In January 2015, Matsuda officially founded the centrist political party The Assembly to Energize Japan (日本を元気にする会), and became its leader.
He served until his term in the House of Councillors ended on 25 July 2016.

During his time in the Diet, Matsuda focused on entrepreneurship, deregulation, and innovation policy, advocating for reforms to make it easier for small and medium-sized enterprises to expand internationally.

== Later career ==
After leaving politics, Matsuda returned to private enterprise.

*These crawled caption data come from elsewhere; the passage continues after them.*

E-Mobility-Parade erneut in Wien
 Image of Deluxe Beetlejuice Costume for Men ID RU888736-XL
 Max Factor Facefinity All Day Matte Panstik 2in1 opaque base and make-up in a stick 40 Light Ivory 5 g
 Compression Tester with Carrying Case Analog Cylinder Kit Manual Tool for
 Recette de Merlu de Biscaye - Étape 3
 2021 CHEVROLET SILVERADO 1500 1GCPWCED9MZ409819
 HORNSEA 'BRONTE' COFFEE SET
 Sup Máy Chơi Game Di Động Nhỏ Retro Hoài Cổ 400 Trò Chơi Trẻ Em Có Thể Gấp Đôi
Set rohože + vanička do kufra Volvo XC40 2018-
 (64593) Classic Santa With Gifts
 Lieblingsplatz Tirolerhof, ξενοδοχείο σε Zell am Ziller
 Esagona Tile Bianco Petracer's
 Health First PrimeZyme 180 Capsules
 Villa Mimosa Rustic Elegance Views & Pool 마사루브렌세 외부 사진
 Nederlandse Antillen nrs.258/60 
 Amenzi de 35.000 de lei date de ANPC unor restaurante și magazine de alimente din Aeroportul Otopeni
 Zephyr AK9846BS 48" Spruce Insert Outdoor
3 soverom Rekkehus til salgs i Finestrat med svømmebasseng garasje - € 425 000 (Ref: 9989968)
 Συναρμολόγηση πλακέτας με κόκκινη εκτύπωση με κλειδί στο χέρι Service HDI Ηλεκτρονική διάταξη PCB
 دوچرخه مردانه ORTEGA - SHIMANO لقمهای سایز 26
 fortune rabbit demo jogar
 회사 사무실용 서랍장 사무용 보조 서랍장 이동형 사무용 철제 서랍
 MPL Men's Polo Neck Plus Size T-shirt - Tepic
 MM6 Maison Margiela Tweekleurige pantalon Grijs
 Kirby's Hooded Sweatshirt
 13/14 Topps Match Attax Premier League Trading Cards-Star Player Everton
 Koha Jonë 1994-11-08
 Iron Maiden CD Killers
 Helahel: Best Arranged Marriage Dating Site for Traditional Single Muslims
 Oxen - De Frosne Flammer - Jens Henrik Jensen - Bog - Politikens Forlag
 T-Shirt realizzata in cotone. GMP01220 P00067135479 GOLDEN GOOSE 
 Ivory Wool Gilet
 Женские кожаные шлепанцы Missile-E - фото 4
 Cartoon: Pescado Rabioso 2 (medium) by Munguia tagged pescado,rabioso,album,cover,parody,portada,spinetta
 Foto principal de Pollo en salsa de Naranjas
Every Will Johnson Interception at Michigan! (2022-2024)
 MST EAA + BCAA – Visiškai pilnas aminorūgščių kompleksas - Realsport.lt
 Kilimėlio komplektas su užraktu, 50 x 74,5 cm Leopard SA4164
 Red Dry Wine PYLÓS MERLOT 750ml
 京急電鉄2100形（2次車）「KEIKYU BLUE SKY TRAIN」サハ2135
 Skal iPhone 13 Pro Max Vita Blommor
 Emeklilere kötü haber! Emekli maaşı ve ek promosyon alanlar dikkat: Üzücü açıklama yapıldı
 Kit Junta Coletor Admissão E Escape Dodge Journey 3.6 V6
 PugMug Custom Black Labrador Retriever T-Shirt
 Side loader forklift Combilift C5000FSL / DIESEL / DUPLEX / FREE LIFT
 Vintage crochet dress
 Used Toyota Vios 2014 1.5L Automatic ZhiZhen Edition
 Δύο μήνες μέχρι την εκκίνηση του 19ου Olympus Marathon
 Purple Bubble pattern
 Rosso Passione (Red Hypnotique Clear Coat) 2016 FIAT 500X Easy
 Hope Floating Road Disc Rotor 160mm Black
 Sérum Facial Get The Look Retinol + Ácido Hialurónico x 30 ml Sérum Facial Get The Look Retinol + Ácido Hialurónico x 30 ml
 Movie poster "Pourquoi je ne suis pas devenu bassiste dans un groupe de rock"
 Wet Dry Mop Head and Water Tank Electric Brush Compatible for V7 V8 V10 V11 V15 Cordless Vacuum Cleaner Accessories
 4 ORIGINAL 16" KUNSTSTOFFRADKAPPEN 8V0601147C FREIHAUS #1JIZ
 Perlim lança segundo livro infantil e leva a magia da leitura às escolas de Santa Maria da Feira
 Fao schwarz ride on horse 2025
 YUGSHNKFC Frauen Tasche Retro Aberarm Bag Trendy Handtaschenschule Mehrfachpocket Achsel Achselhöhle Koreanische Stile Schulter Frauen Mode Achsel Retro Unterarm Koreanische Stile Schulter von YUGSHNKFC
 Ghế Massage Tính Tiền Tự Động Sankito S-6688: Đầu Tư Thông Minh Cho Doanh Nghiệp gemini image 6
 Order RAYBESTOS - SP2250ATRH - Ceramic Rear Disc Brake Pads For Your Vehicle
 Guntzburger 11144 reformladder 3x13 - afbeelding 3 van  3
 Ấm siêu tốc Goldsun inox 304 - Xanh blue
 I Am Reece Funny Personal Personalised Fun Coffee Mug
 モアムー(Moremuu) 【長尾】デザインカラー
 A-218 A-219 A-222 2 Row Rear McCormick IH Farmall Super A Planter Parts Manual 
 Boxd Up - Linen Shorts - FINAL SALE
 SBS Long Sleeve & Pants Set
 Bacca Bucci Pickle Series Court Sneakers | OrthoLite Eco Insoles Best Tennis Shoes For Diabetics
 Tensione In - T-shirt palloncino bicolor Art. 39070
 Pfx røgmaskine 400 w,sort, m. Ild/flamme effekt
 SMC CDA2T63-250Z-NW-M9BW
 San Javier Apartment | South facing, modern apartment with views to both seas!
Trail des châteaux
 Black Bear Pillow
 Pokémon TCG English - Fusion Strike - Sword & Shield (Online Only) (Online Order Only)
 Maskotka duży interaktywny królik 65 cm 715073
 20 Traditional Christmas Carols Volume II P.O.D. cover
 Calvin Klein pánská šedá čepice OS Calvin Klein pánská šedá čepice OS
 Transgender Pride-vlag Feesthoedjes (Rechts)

He has served as an outside director of Vector Inc., one of Japan's largest PR and communications groups, and continued to develop ventures in the renewable energy sector, particularly in biomass and solar energy in the Tōhoku region following the 2011 Tōhoku earthquake and tsunami.
He has also been an active commentator and lecturer on entrepreneurship, business ethics, and innovation policy in Japan.

== Personal life and views ==
Matsuda's international upbringing — particularly his years in Africa and the United States — has influenced his philosophy of cross-cultural entrepreneurship. He has stated that his goal as both a businessperson and policymaker is to "connect people and ideas across borders" and to encourage "positive risk-taking" in Japan's corporate culture.